Several projects are underway in the quest to discover ways to harness fusion power, which is akin to a holy grail of nuclear physics. “Fusion is a nearly ideal energy source – essentially inexhaustible, clean, safe, and likely available to all nations. When proven practical, it will transform our energy future,”
Stewart C. Prager, director of the US Department of Energy’s Princeton Plasma Physics Laboratory, wrote in a commentary on the New York Times website last year.
Come to work to change the world
Culham Centre for Fusion Energy, the UK’s national laboratory for fusion research announces careers in fusion with the slogan, “Come to work to change the world.” Work there focuses on initiating fusion within plasmas – extremely hot mixes of atomic nuclei stripped of their electrons – contained within magnetic fields. The devices used are tokamaks, devices shaped like giant doughnuts that were invented by Soviet scientists in the 1950s.
While Culham currently hosts the world’s largest tokamak, an even grander one is being built in the south of France. Dubbed Iter – after Latin for “the way” – this is the largest scientific collaboration in the world. The reactor is 30 metres tall and, according to the Independent, the plasma will be contained by, “Giant electromagnets powerful enough to trap an aircraft carrier.” By heating hydrogen atoms to over 150 million °C – ten times the temperature required for fusion in the sun – researchers anticipate that they will achieve a net gain in energy,.
Even so, Iter will be an experiment rather than a power station. And you should not get too excited just yet, as actual trials with plasma may be a decade away.

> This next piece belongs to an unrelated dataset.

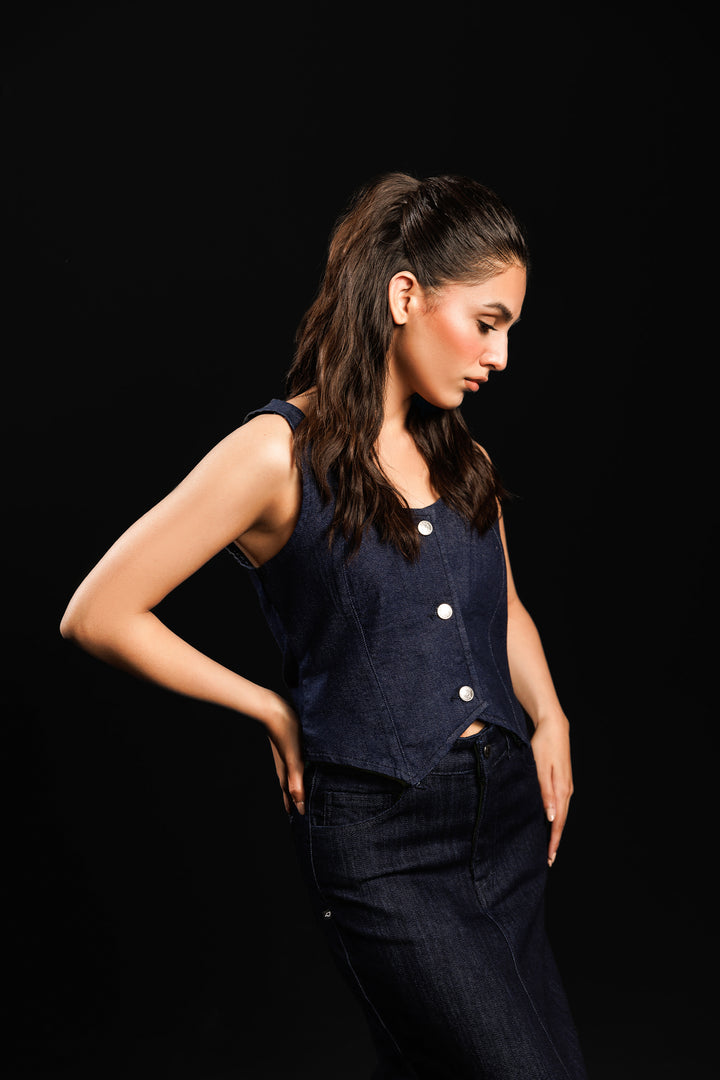 Denim Pencil Skirt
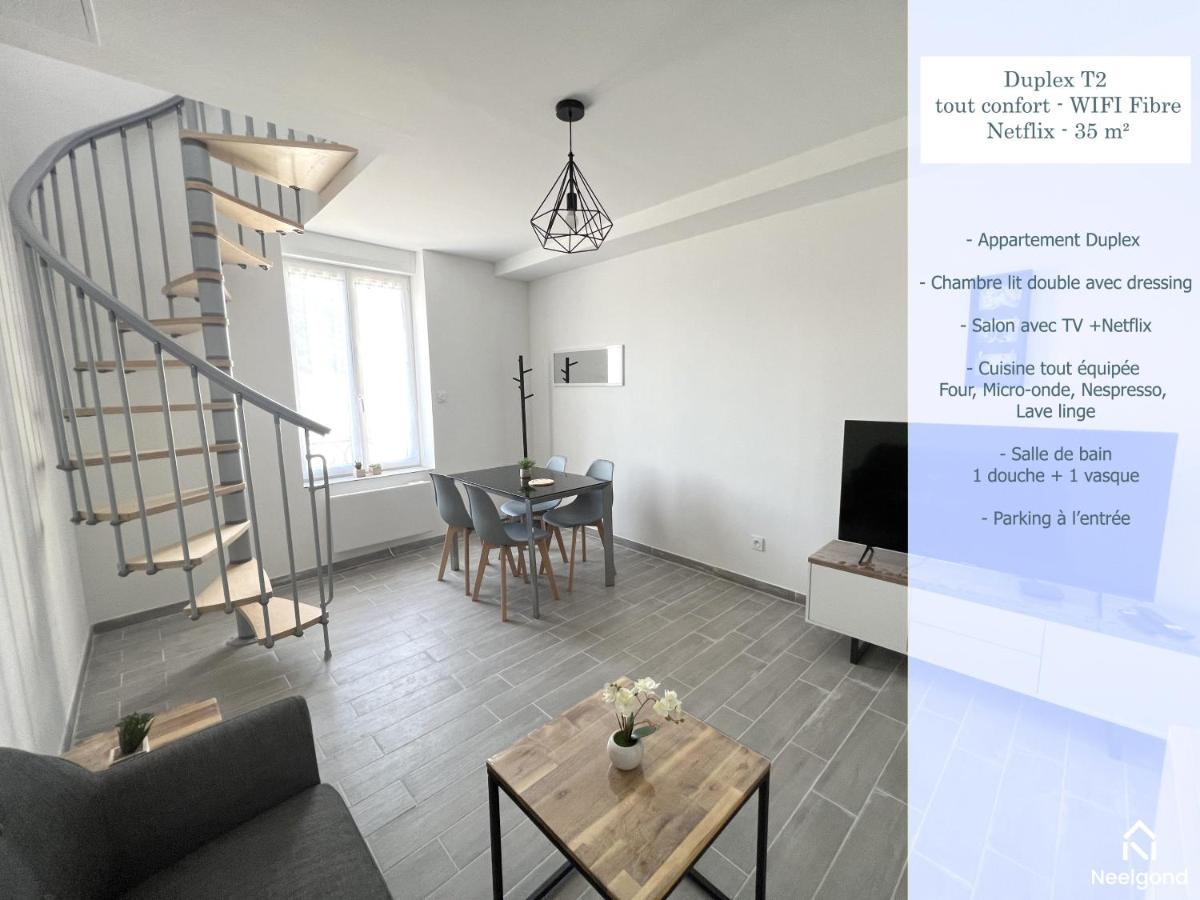 180B - Duplex T2 Tout Confort - Wifi Netflix Le Gond-Pontouvre Eksteriør bilde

While tokamaks are receiving the most funding and attention, there may be other ways of generating fusion power. The National Ignition Facility’s project is among these, with super cooled hydrogen fuel that is suddenly heated by converging 192 beams from the world’s most powerful laser, which arrive within 30 trillionths of a second of each other.
If fusion power proves viable, it could help space travel. Last month, Time reported on a US company, Princeton Satellite Systems, which is small but has big ambitions, with ideas including a fusion rocket for Mars that would be smaller than a minivan.
This seems far-fetched given the size of facilities like Iter and the National Ignition Facility. Yet the science does indicate the potential, given that weight for weight, fusion of hydrogen could generate up to 10 million times the energy of burning coal.
Steve Cowley, director of the Culham Centre for Fusion Energy, told Popular Mechanics that the main barrier to fusion power on earth is getting government funding. “For $20 billion in cash,” he said, “I could build you a working reactor.”
As another indicator of stumbling blocks arising from human failings rather than pure science, Iter has encountered hold ups including a giant magnet that had to be scrapped after a worker left a towel that became compressed within a coil. And you have perhaps heard little of the milestone at the National Ignition Facility because researchers haven’t been around to speak of it this month: they were laid off as the US government shut down.
Update:
NASA website includes info on this:
The Direct Fusion Drive (DFD) concept provides game-changing propulsion and power capabilities that would revolutionize interplanetary travel. DFD is based on the Princeton Field-Reversed Configuration (PFRC) fusion reactor under development at the Princeton Plasma Physics Laboratory. The mission context we are proposing is delivery of a Pluto orbiter with a lander.